Leaning, shifting weight, etc. can change the angle of the wheel's direction with no handlebar input, but then the bike falls into it's own lean opposite the direction of the tire, as Spec says. You have initiated the bike into a counter steer, just as if you'd moved the bars. The machine always turns by counter steering, as it cannot change direction by any other means. The physics follow its design.

Discussion of counter steer always gets overly complicated, but it's best to think of counter steering as a definition of how two-wheeled vehicles turn rather than what riders do on a bike. Simply put, if you ride a motorcycle or bicycle, you, the bike, are counter steering.
Of course if you lock the fork straight ahead the bike will go straight. That does not mean weight changes and countersteer are the same thing. Countersteer is pressure applied to the handlebars to steer them toward the outside of the turn, forcing a lean. Weight shifting without touching the bar is not countersteering. You are simply changing definitions or employing tautology.

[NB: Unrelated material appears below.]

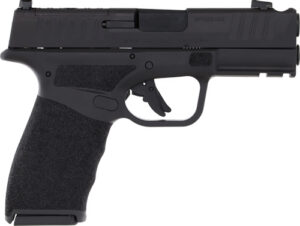 SPG HCP9379BOSP-15-COMP 9M HELLCAT PRO 3.7 15R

If I hit an object in the road, it also can turn my bike. But I call that deflection, not countersteer. Countersteer is force input via the handlebars. Weight transfer or deflection may move the front wheel off the centerline, but I don't think that is countersteering.

Each technique is to get the bike leaned so the wheel rotation gyroscopic action, combined with the tire's rounded profile, makes the bike follow a curved path.

These aren't great videos, and the second is better than the first, but they do show you can negotiate curves without touching the bars.

https://tjoseph.smugmug.com/Motorcyc...ering/n-bLx2Dt

There are situations where weight transfer instead of countersteer is the better way to change direction. Like if you get right on the edge of the pavement where there is a dropoff, I find weight transfer can bring you back from that edge, but countersteer can take you over it.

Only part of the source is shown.